Only the lines below between the ones containing "Contemporary Hamilton Love Seat Brown" and "Underarm Bag Women", inclusive, are to be reproduced, each exactly as it stands.

Supplied material section start

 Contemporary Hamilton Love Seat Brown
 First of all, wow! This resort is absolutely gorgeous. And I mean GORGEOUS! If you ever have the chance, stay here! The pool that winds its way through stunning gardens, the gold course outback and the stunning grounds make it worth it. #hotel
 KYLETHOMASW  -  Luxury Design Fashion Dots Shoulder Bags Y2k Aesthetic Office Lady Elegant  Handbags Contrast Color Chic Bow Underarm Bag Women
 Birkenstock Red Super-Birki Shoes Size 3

Supplied material section end
Supplied material section start

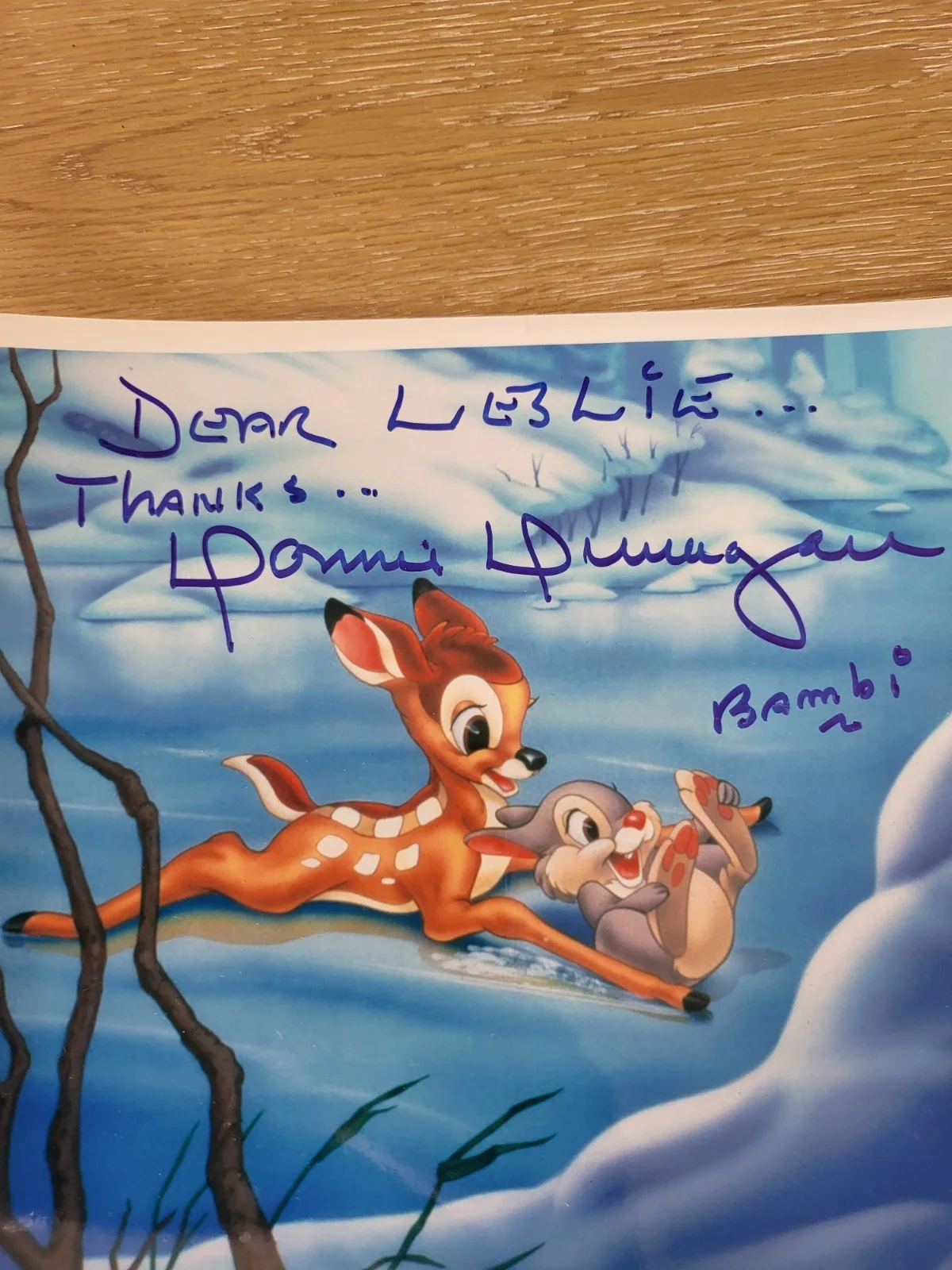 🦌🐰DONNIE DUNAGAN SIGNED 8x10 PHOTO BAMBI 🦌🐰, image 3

Supplied material section end

# Solution to the problem
 Contemporary Hamilton Love Seat Brown
 First of all, wow! This resort is absolutely gorgeous. And I mean GORGEOUS! If you ever have the chance, stay here! The pool that winds its way through stunning gardens, the gold course outback and the stunning grounds make it worth it. #hotel
 KYLETHOMASW  -  Luxury Design Fashion Dots Shoulder Bags Y2k Aesthetic Office Lady Elegant  Handbags Contrast Color Chic Bow Underarm Bag Women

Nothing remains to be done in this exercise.